== Collection entries ==
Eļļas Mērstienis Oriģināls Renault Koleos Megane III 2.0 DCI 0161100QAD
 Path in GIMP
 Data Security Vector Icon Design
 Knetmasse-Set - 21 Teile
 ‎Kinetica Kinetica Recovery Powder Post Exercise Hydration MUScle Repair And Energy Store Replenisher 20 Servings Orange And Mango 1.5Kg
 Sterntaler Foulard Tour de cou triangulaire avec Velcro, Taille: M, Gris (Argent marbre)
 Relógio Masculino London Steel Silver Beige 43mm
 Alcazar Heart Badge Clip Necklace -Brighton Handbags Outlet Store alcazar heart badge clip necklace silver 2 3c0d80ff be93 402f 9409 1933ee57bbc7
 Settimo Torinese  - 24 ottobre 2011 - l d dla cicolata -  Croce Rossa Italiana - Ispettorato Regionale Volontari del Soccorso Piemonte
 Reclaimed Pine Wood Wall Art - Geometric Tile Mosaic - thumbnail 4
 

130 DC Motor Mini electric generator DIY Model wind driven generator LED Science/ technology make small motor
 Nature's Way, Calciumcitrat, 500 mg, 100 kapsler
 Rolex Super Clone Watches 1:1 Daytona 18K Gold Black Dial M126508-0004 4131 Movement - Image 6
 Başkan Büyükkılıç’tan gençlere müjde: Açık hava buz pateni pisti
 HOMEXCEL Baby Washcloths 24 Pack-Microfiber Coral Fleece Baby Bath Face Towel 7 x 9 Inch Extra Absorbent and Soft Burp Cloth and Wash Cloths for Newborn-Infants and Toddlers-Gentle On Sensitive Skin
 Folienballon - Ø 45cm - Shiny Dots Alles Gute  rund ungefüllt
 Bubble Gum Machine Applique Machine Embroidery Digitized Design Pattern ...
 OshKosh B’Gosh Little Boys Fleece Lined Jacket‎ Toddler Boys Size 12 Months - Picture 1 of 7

== WHAT YOU HAVE TO DO ==
Your task for the entries above: copy exactly the span starting with the line with "Nature's Way, Calciumcitrat, 500" and going on through the line with "Başkan Büyükkılıç’tan gençlere", both lines included, and nothing else.

== TASK SOLUTION ==
 Nature's Way, Calciumcitrat, 500 mg, 100 kapsler
 Rolex Super Clone Watches 1:1 Daytona 18K Gold Black Dial M126508-0004 4131 Movement - Image 6
 Başkan Büyükkılıç’tan gençlere müjde: Açık hava buz pateni pisti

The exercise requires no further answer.